About this exercise: Your answer must be an exact copy of the lines from the one containing "Moon Print Pajamas" through the last line of the records below, with no pictures; please include nothing else.

Exercise input:
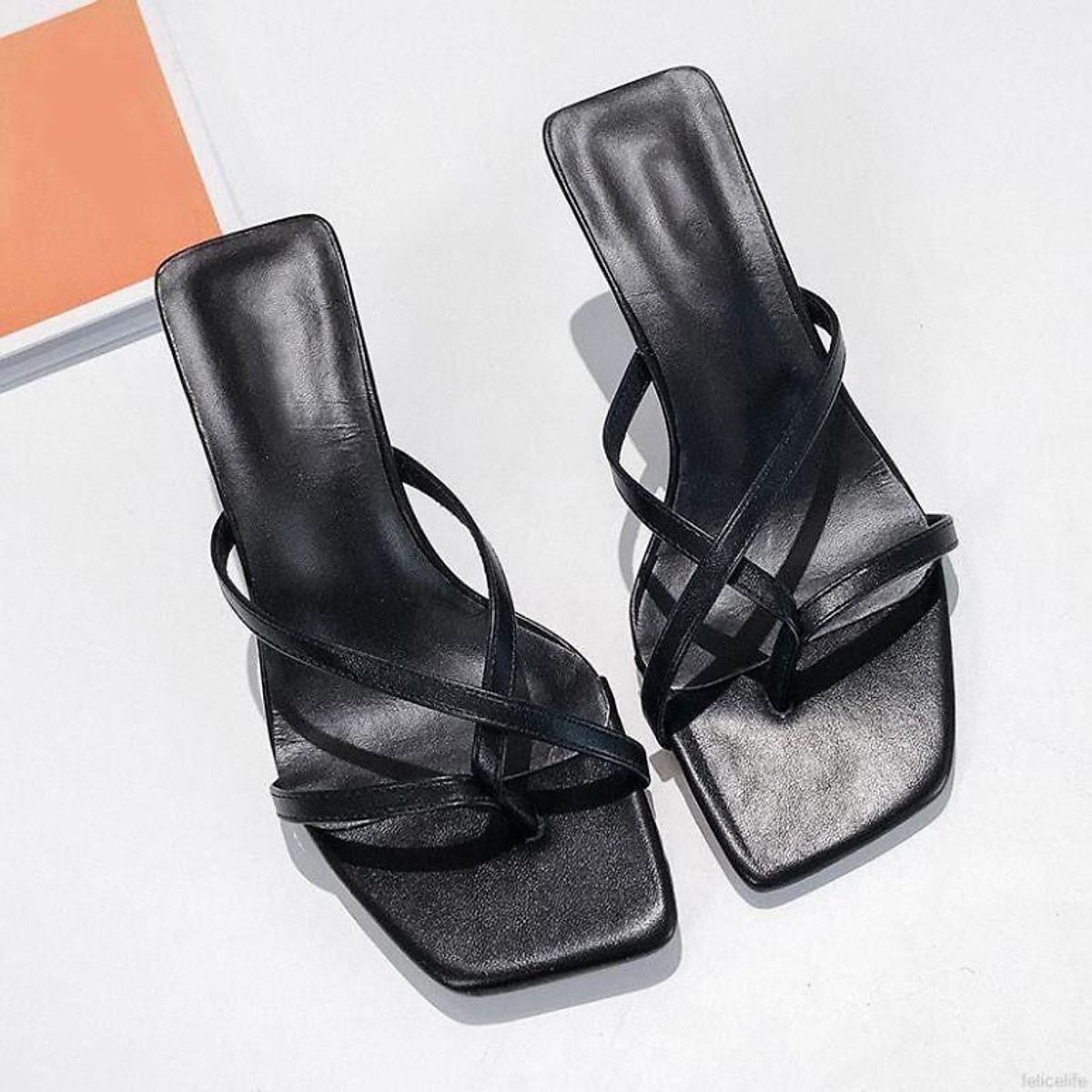 SANDAL quai mảnh gót 5cm mũi vuông nữ tính (xả 80k)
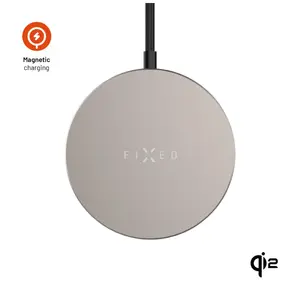 Беспроводное зарядное устройство FIXED MagPad Slim Qi2 с поддержкой MagSafe, питание USB, титан, кабель 1.5 м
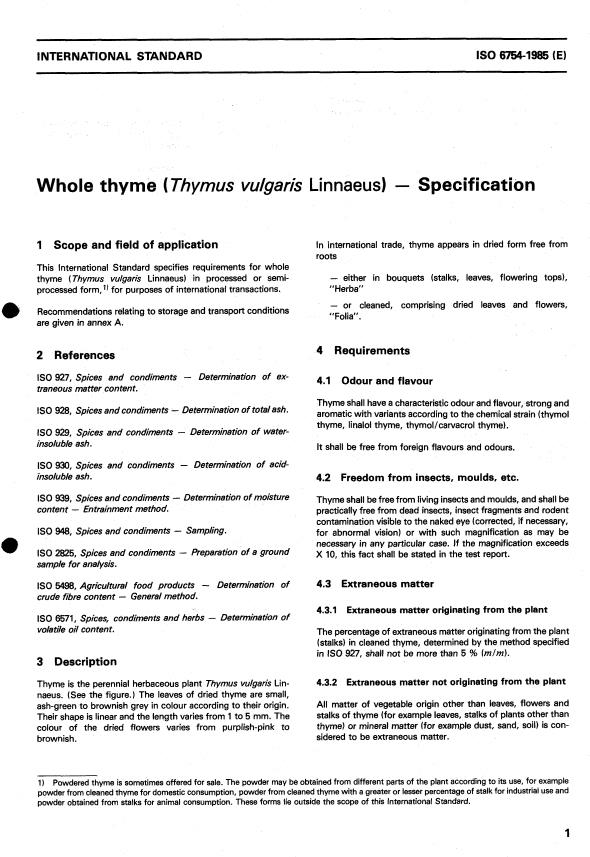 ISO 6754:1985 - Whole thyme (Thymus vulgaris Linnaeus) -- Specification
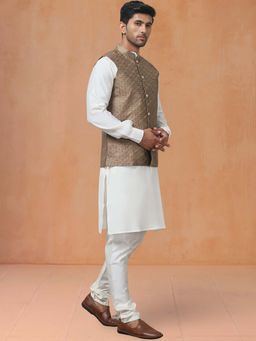 Jompers - Brown Men's Bronze Silk Blend Nehru Jacket with Solid Kurta Pyjama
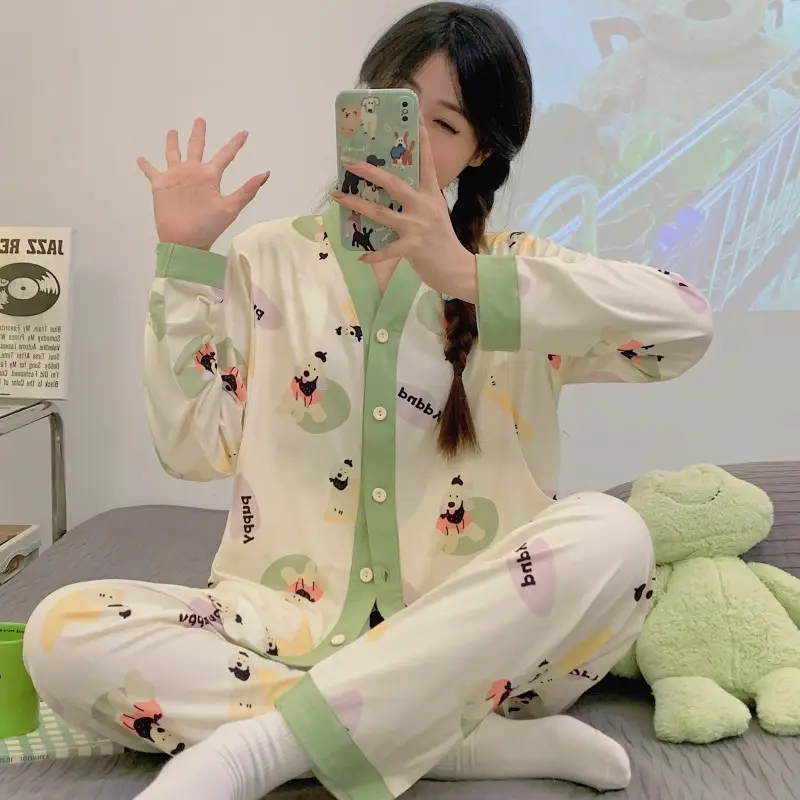 Moon Print Pajamas Set for Women Spring Autumn - Image 4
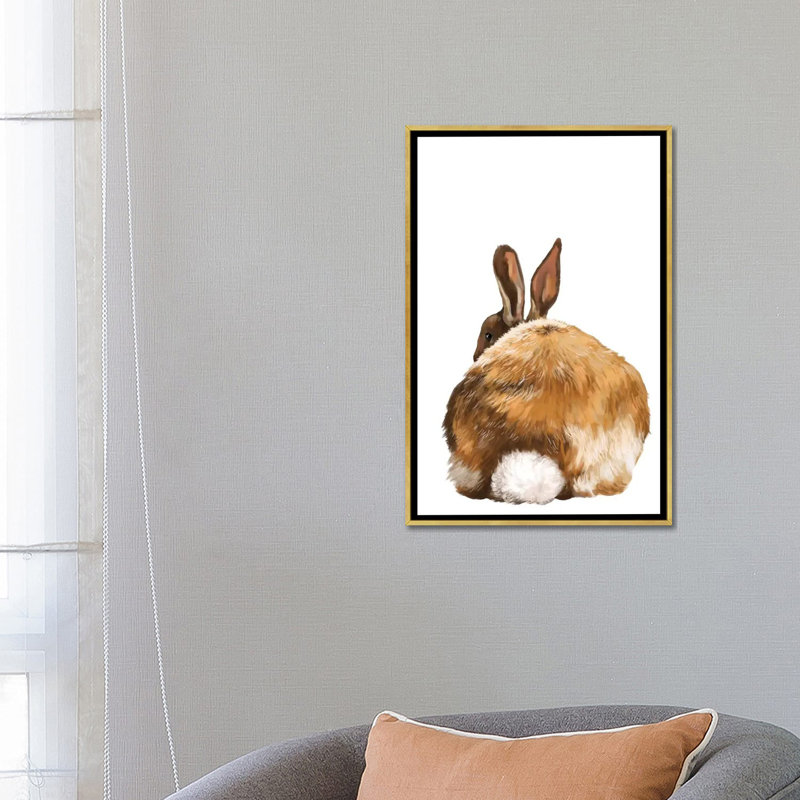 Art de lapin, Toile encadrée d'or, H 26 po x l 18 po x P 1,5 po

Answer to the exercise:
 Moon Print Pajamas Set for Women Spring Autumn - Image 4
 Art de lapin, Toile encadrée d'or, H 26 po x l 18 po x P 1,5 po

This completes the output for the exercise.